Une mesure synthétique des divergences de politique budgétaire entre les deux pays peut alors être donnée par la variation, d'une année sur l'autre, de la différence entre le solde structurel allemand et le solde structurel français. Lorsque cette mesure de divergence est positive, c'est que la politique budgétaire a été relativement plus restrictive (ou moins expansive) en Allemagne qu'en France. Lorsque l'indicateur est négatif, c'est que la France est devenue relativement plus restrictive. Lorsque l'indicateur est nul, c'est que les deux soldes structurels ont évolué dans le même sens.
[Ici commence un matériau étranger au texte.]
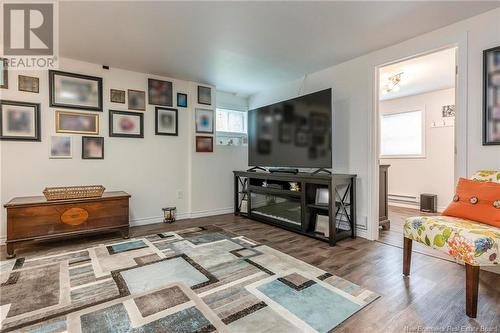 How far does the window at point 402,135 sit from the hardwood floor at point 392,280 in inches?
115

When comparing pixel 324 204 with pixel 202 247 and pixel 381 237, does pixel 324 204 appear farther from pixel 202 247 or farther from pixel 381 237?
pixel 202 247

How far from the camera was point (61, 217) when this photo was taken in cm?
264

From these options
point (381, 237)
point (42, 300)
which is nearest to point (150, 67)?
point (42, 300)

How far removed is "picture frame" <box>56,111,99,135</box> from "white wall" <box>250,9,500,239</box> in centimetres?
279

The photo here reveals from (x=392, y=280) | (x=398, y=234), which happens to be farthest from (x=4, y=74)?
(x=398, y=234)

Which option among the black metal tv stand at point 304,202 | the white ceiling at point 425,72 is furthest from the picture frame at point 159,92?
the white ceiling at point 425,72

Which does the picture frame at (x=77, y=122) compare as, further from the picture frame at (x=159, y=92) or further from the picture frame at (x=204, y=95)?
the picture frame at (x=204, y=95)

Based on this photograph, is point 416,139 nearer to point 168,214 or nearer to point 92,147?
point 168,214

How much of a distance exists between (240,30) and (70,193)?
2.43 meters

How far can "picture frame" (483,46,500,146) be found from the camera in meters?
2.06

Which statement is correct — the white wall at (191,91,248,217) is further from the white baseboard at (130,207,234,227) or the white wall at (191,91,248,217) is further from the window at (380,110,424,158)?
the window at (380,110,424,158)

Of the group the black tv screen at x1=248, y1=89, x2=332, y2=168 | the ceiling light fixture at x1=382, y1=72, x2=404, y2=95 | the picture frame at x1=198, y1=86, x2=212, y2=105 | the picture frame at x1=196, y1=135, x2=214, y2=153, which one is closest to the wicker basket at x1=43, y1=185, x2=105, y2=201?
the picture frame at x1=196, y1=135, x2=214, y2=153

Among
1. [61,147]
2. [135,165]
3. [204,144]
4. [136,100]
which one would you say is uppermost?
[136,100]

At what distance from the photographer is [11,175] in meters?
2.86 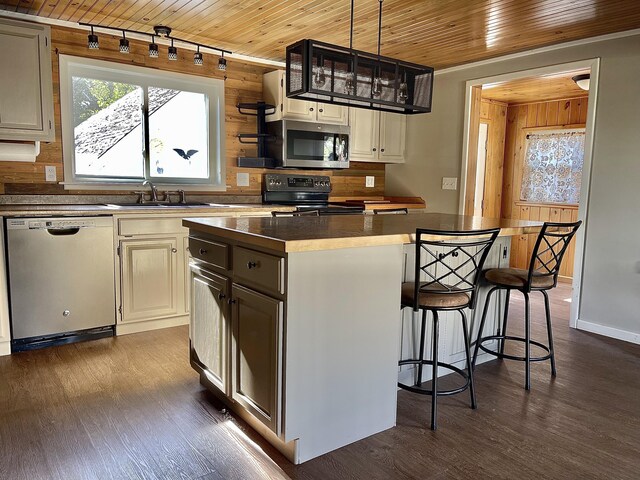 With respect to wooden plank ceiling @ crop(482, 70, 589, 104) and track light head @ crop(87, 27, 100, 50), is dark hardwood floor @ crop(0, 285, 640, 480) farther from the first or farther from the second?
wooden plank ceiling @ crop(482, 70, 589, 104)

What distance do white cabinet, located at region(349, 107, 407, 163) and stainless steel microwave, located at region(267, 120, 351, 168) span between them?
0.22 m

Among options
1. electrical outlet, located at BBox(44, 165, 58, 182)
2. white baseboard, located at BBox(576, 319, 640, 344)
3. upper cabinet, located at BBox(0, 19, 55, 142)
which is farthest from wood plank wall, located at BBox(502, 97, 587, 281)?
upper cabinet, located at BBox(0, 19, 55, 142)

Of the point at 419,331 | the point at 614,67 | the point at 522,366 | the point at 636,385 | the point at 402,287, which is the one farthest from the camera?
the point at 614,67

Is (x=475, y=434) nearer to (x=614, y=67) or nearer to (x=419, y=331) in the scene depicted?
(x=419, y=331)

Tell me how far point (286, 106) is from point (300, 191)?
Answer: 892 mm

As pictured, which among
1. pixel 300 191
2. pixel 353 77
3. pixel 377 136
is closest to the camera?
pixel 353 77

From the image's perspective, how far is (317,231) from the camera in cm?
217

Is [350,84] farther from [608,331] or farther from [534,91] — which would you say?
[534,91]

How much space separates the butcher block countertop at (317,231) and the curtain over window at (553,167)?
356 cm

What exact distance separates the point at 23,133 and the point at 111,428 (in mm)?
2168

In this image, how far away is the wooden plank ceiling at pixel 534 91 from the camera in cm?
513

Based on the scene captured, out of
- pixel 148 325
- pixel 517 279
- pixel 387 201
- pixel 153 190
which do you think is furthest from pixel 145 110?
pixel 517 279

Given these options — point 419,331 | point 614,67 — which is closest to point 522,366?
point 419,331

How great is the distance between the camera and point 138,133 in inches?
165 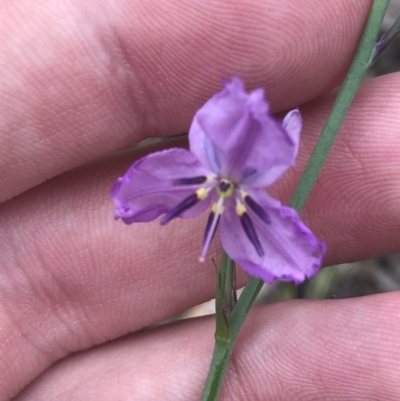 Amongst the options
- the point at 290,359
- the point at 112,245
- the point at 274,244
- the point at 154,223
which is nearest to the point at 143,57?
the point at 154,223

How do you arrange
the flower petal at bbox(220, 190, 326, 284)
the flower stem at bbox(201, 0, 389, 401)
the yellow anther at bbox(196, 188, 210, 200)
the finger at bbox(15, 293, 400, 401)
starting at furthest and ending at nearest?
the finger at bbox(15, 293, 400, 401)
the flower stem at bbox(201, 0, 389, 401)
the yellow anther at bbox(196, 188, 210, 200)
the flower petal at bbox(220, 190, 326, 284)

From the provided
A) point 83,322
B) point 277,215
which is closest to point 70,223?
point 83,322

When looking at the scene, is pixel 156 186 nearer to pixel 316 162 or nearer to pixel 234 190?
pixel 234 190

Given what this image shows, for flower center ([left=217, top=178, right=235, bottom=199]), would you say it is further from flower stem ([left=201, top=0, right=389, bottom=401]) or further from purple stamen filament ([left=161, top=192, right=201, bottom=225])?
flower stem ([left=201, top=0, right=389, bottom=401])

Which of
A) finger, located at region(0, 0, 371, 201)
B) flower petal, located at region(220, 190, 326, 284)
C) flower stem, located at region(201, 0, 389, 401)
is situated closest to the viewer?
flower petal, located at region(220, 190, 326, 284)

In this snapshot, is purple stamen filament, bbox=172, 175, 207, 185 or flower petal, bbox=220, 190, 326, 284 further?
purple stamen filament, bbox=172, 175, 207, 185

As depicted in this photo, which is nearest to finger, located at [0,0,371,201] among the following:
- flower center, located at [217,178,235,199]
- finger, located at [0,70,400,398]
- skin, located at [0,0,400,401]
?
skin, located at [0,0,400,401]

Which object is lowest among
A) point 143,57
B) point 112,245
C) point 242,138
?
point 112,245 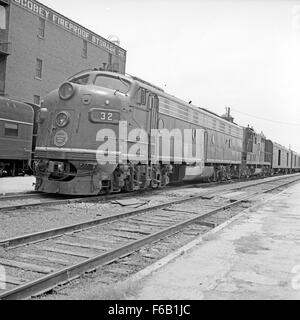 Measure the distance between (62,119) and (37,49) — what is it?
66.2 ft

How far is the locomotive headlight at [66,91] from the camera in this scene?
11.2 metres

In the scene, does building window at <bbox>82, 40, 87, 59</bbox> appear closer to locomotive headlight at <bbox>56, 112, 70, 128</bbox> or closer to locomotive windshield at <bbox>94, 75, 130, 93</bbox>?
locomotive windshield at <bbox>94, 75, 130, 93</bbox>

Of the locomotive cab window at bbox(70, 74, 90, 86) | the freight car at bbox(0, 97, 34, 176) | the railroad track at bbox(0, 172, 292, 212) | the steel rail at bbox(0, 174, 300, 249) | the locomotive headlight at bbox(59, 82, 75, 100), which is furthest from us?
the freight car at bbox(0, 97, 34, 176)

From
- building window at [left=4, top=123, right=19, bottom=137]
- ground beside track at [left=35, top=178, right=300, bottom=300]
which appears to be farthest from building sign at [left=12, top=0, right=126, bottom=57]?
ground beside track at [left=35, top=178, right=300, bottom=300]

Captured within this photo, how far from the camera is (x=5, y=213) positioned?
8500mm

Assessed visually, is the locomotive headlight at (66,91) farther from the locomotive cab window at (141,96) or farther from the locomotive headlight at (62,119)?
the locomotive cab window at (141,96)

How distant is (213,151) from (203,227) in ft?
37.7

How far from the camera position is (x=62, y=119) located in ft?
37.2

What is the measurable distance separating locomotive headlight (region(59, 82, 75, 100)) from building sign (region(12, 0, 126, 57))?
18.9 metres

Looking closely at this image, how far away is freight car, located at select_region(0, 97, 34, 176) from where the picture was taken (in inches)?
667

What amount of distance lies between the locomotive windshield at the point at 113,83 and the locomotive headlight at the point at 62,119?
1383mm

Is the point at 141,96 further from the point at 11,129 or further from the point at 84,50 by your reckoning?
the point at 84,50

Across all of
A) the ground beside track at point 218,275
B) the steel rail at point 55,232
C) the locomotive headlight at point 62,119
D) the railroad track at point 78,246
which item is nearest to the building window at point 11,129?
the locomotive headlight at point 62,119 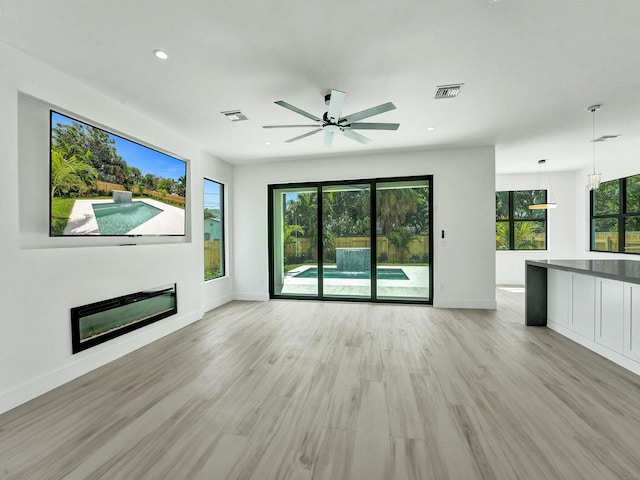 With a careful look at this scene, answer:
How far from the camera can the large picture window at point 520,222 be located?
7.60 metres

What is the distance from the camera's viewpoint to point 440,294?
5.29 m

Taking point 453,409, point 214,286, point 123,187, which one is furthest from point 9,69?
point 453,409

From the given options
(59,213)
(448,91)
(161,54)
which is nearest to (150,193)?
(59,213)

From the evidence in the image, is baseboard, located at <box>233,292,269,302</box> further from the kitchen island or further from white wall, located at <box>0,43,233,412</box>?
the kitchen island

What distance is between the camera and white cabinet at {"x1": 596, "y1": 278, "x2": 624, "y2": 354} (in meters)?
2.88

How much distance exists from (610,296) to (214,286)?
18.4 feet

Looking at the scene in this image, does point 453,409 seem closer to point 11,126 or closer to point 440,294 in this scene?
point 440,294

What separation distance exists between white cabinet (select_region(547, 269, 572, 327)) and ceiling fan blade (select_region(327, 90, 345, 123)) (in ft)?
11.7

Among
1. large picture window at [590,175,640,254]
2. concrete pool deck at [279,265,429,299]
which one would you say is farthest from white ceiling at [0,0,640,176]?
large picture window at [590,175,640,254]

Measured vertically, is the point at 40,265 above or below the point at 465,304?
above

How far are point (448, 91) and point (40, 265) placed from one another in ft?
13.9

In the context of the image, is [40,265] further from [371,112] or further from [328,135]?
[371,112]

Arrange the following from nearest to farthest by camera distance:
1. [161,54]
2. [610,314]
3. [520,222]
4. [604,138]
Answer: [161,54], [610,314], [604,138], [520,222]

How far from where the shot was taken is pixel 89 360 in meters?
2.84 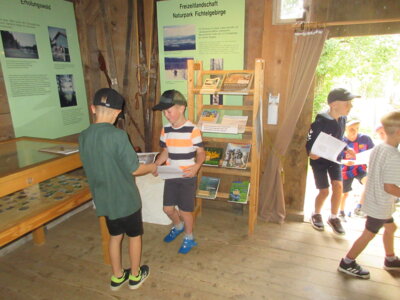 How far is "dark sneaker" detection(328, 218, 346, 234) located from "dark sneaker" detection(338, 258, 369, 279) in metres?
0.61

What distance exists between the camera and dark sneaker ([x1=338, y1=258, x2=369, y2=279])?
2188 millimetres

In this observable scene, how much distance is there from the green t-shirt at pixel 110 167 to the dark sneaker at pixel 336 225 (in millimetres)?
2128

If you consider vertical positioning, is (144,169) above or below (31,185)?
above

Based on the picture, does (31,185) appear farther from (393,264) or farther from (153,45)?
(393,264)

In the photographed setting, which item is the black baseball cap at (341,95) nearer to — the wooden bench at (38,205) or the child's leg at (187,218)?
the child's leg at (187,218)

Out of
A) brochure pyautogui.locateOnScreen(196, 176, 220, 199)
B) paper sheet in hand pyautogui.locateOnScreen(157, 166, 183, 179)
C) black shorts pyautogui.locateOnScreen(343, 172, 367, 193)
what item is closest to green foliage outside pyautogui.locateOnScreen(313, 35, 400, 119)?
black shorts pyautogui.locateOnScreen(343, 172, 367, 193)

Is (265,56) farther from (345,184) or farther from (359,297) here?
(359,297)

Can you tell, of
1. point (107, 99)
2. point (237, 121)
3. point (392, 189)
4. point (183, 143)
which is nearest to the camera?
point (107, 99)

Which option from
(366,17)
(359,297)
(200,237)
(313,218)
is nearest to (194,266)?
(200,237)

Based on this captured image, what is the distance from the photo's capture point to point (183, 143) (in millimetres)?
2377

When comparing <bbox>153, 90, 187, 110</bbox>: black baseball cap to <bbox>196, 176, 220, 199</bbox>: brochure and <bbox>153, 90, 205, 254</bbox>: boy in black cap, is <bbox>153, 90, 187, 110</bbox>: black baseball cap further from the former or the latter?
<bbox>196, 176, 220, 199</bbox>: brochure

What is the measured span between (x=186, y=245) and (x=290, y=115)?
1663 millimetres

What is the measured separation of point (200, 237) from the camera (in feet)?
9.28

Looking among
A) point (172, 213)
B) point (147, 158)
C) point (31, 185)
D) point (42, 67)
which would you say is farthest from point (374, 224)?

Le graphique 6 met en évidence deux périodes de convergence entre les deux pays : 1997-2000, et 2004-2006. Dans les deux cas, il s'agit de périodes de consolidation budgétaire. L'Allemagne s'est distinguée par une politique plus restrictive que la France en 1992-1993 et en 2002-2003. La France s'est distinguée de la même manière en 1995-1996 et en 2001. Ces différents épisodes peuvent être précisés en distinguant l'évolution des recettes et des dépenses ( graphiques 7 et 8 ). En 1992-1993, la France a procédé isolément à une relance budgétaire par les dépenses, alors qu'en Allemagne, recettes et dépenses évoluaient de conserve. En 1995-1996, c'est en Allemagne que le solde s'est dégradé (par hausse des dépenses et baisse des recettes), alors que la France stabilisait ses dépenses et relevait ses recettes. En 2000, l'Allemagne a fortement réduit son ratio des dépenses publiques au PIB, mais sans toutefois que cela ne traduise une véritable inflexion structurelle. A partir de 2001, les prélèvements obligatoires ont continûment diminué en Allemagne alors qu'ils restaient stables en pourcentage du PIB en France. En Allemagne, la baisse des recettes n'a pas été compensée par une baisse des dépenses avant 2004. La politique budgétaire a donc été expansive sur la période 2001-2003. Elle a ensuite été restrictive grâce à une baisse des dépenses plus rapide que la baisse des recettes. En France, la baisse limitée des prélèvements obligatoires s'est accompagnée d'une hausse des dépenses de 2001 à 2003, d'où une politique expansive sur cette période. Mais l'expansion budgétaire a été moins marquée qu'en Allemagne en 2001, davantage en 2002-2003. La France a donc réagi avec un an de retard au ralentissement de l'activité entamé en 2001. Elle a aussi agi de manière différente, en utilisant les dépenses publiques alors que l'Allemagne réduisait fortement les impôts.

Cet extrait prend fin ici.